**Task to carry out:** Your output should be exactly the lines from the one containing "Remanufactured Epson T222420" through the final line of the records, both included, with every picture left out.

(Exercise data begins)

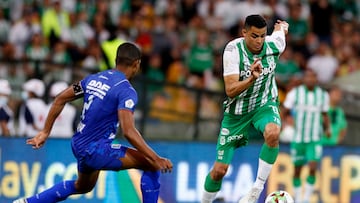 Atlético Nacional vs. Once Caldas por la fecha 17 de la Liga Betplay.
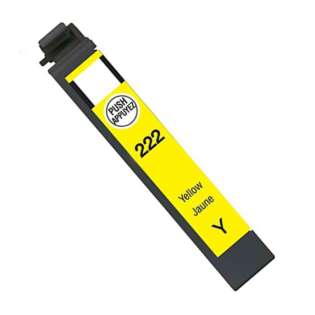 Remanufactured Epson T222420 (222) inkjet cartridge - yellow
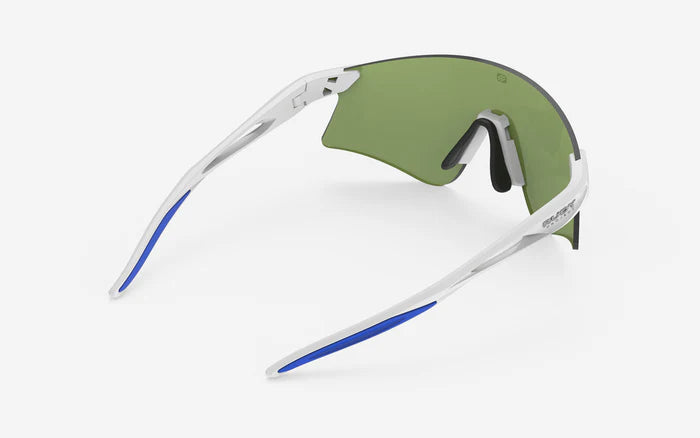 RUDY PROJECT ASTRAL Bril Mat Wit RP Optics Multilaser Blauwe Lenzen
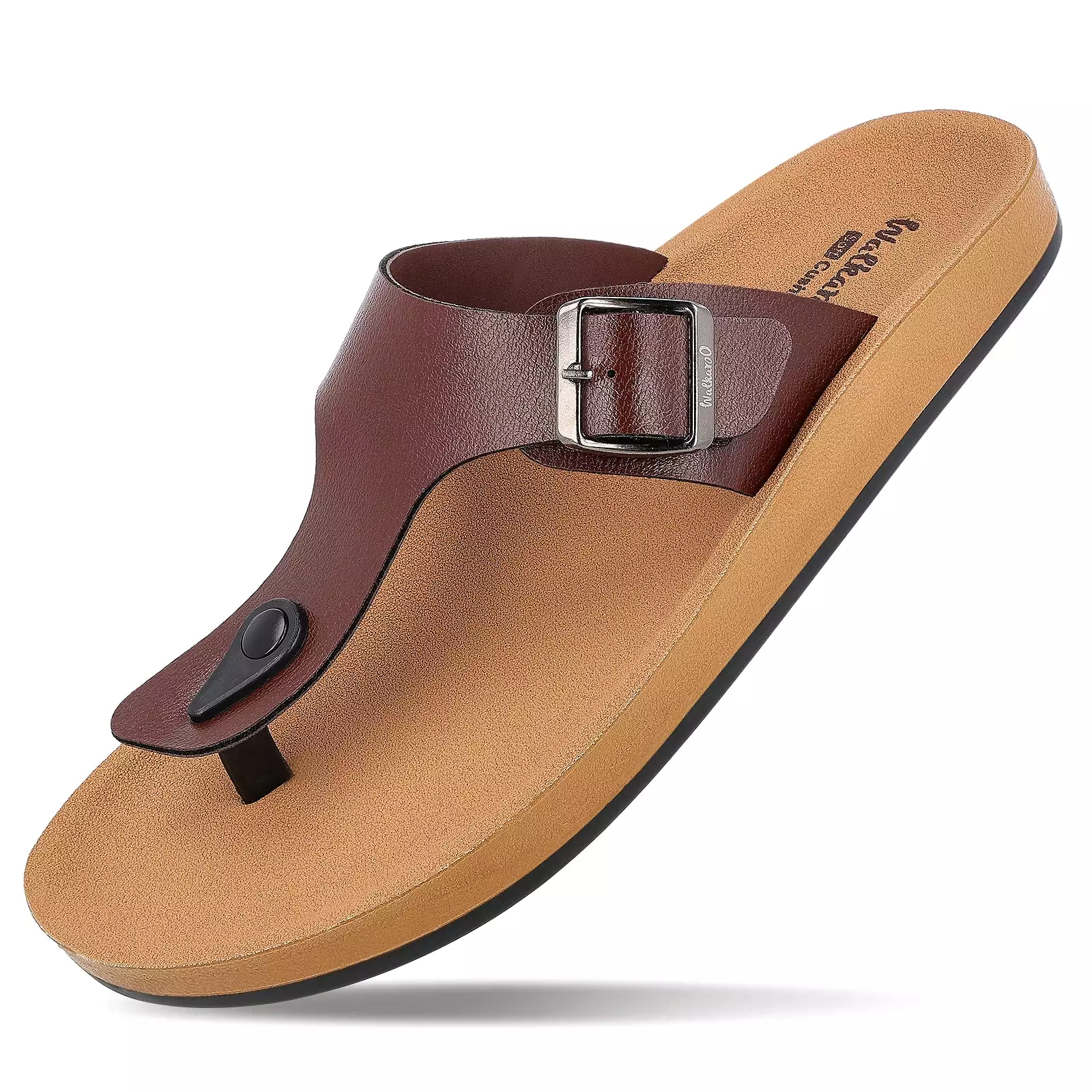 Walkaroo+ Men Sandals  - WE1332 Brown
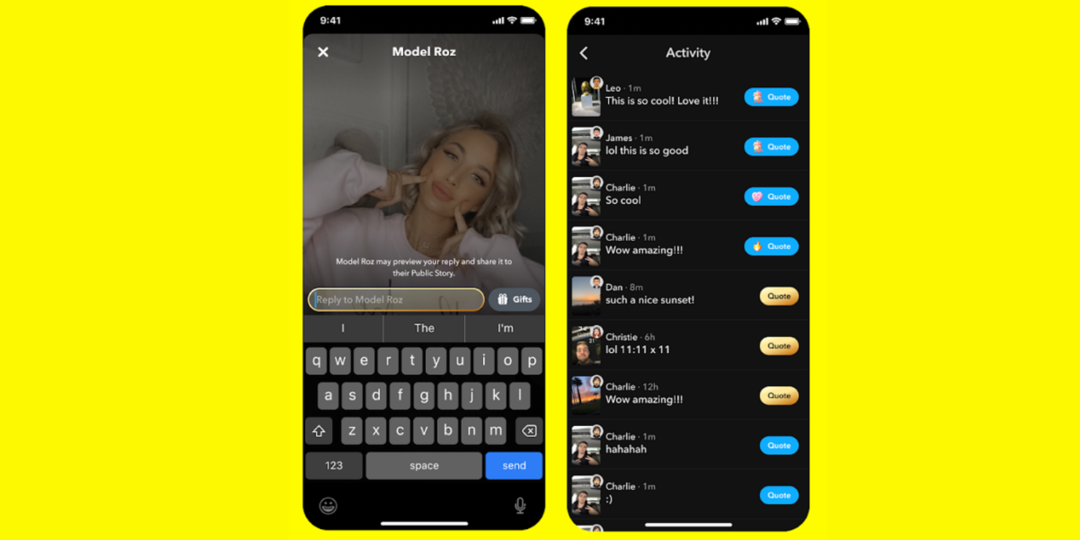 Snapchat объявляет о новых функциях для Snapchat плюс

(Exercise data ends)

**Result for this exercise:**
 Remanufactured Epson T222420 (222) inkjet cartridge - yellow
 RUDY PROJECT ASTRAL Bril Mat Wit RP Optics Multilaser Blauwe Lenzen
 Walkaroo+ Men Sandals  - WE1332 Brown
 Snapchat объявляет о новых функциях для Snapchat плюс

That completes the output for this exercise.